Philosophy

The St. Paul’s Nursery & Day School was founded in 1948 with the belief that a child’s natural curiosity and love of play provide an ideal framework for learning.  That philosophy has never changed.

Hours of Operation

St. Paul’s Nursery & Day School meets Monday through Friday from 9:00 a.m. to noon, September through late May.

Our Program

Our program serves three year old to five year old children, encompassing a wide variety of activities and learning opportunities designed to meet the needs of each individual child. Our curriculum fosters all aspects of a child’s emotional, physical, social and intellectual development. It features an integrated, hands-on approach to learning. St. Paul’s strives for a balance between the development of language skills, social skills and perceptual/motor skills with art, music, movement, dramatic play, science, cooking, field trips and experimentation.

Our History

In the Spring of 1948, three women from St. Paul’s had an idea; why not start a playgroup for their children? Sounds innocent enough, but what about the noise, the parishioners groaned. The toys! Not to mention the disruption of that nice new basement the ladies of the parish had fixed up and were planning to put to a more fitting use.

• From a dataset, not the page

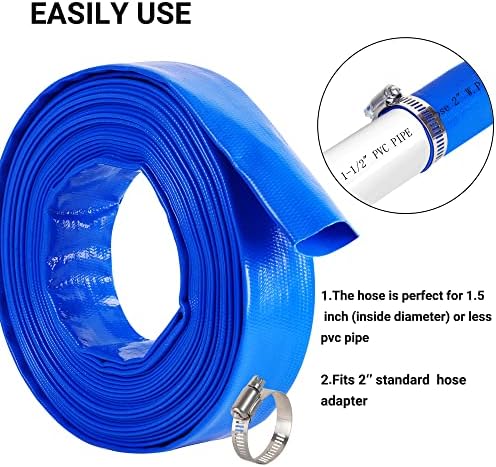 2" (Flat 3.4’’ width) x 100 FT Pool Backwash Hose Kit with Male NPT Adapter - Image 5
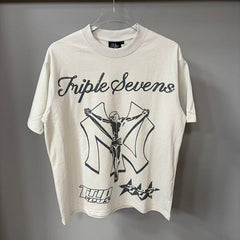 Triple Sevens Off‑White Crucifix Symbol Graphic Tee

Tom Fraser, then St. Paul’s minister, stared down his opponents and said, “This is more important. Anybody who doesn’t like it, tough!” He asked the young wife of a Commerce Department cartographer, Thurman Brisben, to help. She was delighted as her daughter needed playmates.

St. Paul’s Nursery & Day School was born. The first year there were five students. With little money and heated opposition, the women spread the word among their friends that from 9 a.m. to noon, every day, their children were welcome (for a fee of $25 per month) to play in the church basement.

“We weren’t wanted, but we stuck it out,” recalled Brisben, who became the school’s first headmistress. “The ladies were incensed. I can understand why.” But during the War, women had joined the work force in droves and the demand for the daycare had grown. Several nursery schools sprung up in Old Town in response to that need. “It was touch and go in the beginning,” Brisben said.

Lucy Hunnicutt showed up one day to teach the 3’s and was still there after 50 years. The first year, she drove her own car as the school bus and picked up five children for the grand sum of $3 a month each.

In 1951, the enrollment grew to a dozen students and Lib Kerr was hired. “My husband didn’t want me to do it. He said I could stay one year and I stayed 13.”

Kerr split the children into three groups; the 3’s, the 4’s, and 5’s. The school drew from the neighborhood and the parish, and its reputation for Christian education in a loving environment grew. So did the waiting list.

“It was way ahead of its time,” said former minister John von Hemert.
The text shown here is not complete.